Negativa a custodiar fondos y préstamos familiares
Víctor Ábalos aseguró ante el tribunal que todo el dinero que ha entregado a su padre proviene de sus propios ingresos: “Yo no tengo dinero de nadie, yo no soy custodio de nadie. Todo lo que le he dado a mi padre es de mi cuenta bancaria, sin más”, declaró.
Reconoció haber prestado unos 20.000 euros a su padre tras su divorcio, pero negó que el dinero provenga de empresas de Colombia, país donde su padre “trabaja más”. “En el caso de que tuviera que prestarle algo, es mi dinero, no viene de ninguna empresa”, precisó.
Desmiente transacciones con Koldo García
Respecto a Koldo García, exasesor ministerial, Víctor Ábalos negó haberle dado dinero o haber tenido negocios con él: “Contraté los servicios de una empresa administrada por su pareja, pero solo duró dos meses”. También afirmó que nunca ha utilizado teléfonos encriptados ni habla en clave con nadie, incluido su padre.
Sobre el término “café”, detectado por la UCO como supuesto lenguaje cifrado, aclaró que simplemente hace referencia a la afición de Koldo al café y a sus viajes frecuentes a Colombia: “Ni hablo en clave, ni tengo costumbre ni sé hablar en clave”.

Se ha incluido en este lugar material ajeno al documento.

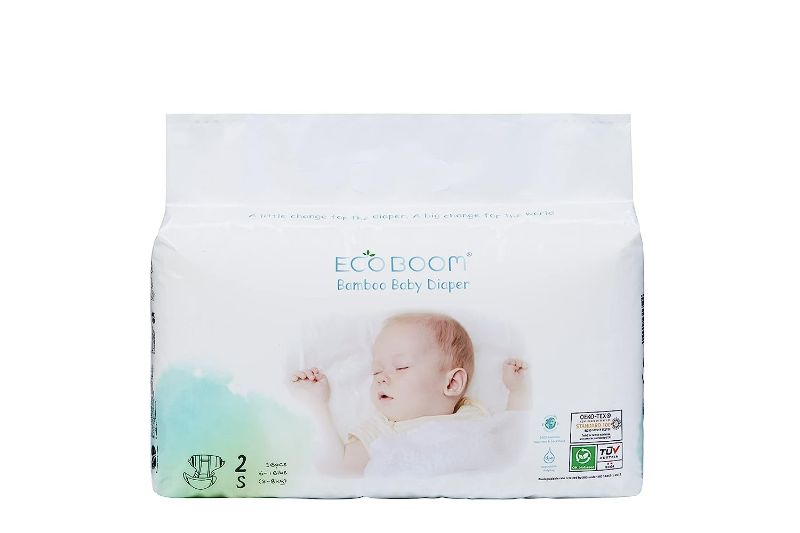 Photo 1 of ECO BOOM Diapers, Baby Bamboo Viscose Diapers, Eco-Friendly Natural Soft Disposable Nappies for Infant, Size 2 Suitable for 6 to 16lb (Small - 36 Count)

Situación económica familiar y apoyo mediático
Víctor Ábalos calificó la situación económica de su padre como “lamentable” y detalló que su familia ha sufrido una “campaña reputacional brutal”, que afectó sus ingresos. Admitió que sus intervenciones televisivas estaban motivadas por la necesidad de mantener a su familia y apoyar a su padre: “Estamos ahí para lo que necesite, con ingresos de peculio, de teléfono o de los gastos del día a día”.
Contexto del juicio
El juicio contra José Luis Ábalos, Koldo García y el empresario Víctor de Aldama se celebra entre el 7 y el 30 de abril en el Tribunal Supremo, en relación con presuntas comisiones ilegales en contratos de mascarillas durante la pandemia. La Fiscalía pide 24 años de prisión para Ábalos y 19,5 años para Koldo García, mientras que Aldama afronta 7 años de cárcel.

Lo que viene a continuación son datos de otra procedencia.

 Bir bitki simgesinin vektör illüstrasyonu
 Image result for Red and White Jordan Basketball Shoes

El caso mascarillas llega a juicio en el Supremo
El juicio, que se celebrará entre el 7 y el 30 de abril, juzga supuestas comisiones ilegales en la adjudicación de contratos de mascarillas durante la crisis de la COVID-19 en 2020.

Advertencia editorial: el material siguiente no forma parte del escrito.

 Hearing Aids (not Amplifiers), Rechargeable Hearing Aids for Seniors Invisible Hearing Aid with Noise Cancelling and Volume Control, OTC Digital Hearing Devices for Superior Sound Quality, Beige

Junto a Ábalos también están acusados su exasesor Koldo García y el empresario Víctor de Aldama, considerado presunto intermediario en la trama.
Penas solicitadas: hasta 24 años de prisión
La Fiscalía solicita:
- 24 años de cárcel para José Luis Ábalos
- 19 años y medio para Koldo García
- 7 años para Víctor de Aldama
Las acusaciones populares elevan incluso la petición de pena hasta los 30 años para algunos de los implicados.
Qué se investiga en el caso
Según la acusación, los implicados se habrían concertado para aprovechar la posición de Ábalos como ministro y dirigente político con el objetivo de favorecer a determinadas empresas en contratos públicos.
A cambio, habrían recibido presuntas comisiones ilegales vinculadas a la compra de material sanitario durante la pandemia.
Testigos clave y primeras declaraciones
La primera jornada del juicio contará con la declaración de once testigos, entre ellos familiares y personas del entorno del exministro.
También se analizarán supuestas contrataciones irregulares en empresas públicas y pagos relacionados con alquileres que, según la investigación, podrían formar parte de las comisiones investigadas.
Un juicio de gran impacto mediático
Más de 50 medios de comunicación están acreditados para cubrir este proceso judicial, considerado el primer gran juicio del denominado caso Koldo, que cuenta con otras piezas abiertas en la Audiencia Nacional.
Un proceso clave en la lucha contra la corrupción
El juicio marcará un punto de inflexión en la investigación sobre la gestión de contratos durante la pandemia, poniendo el foco en la transparencia y el uso de fondos públicos en situaciones de emergencia.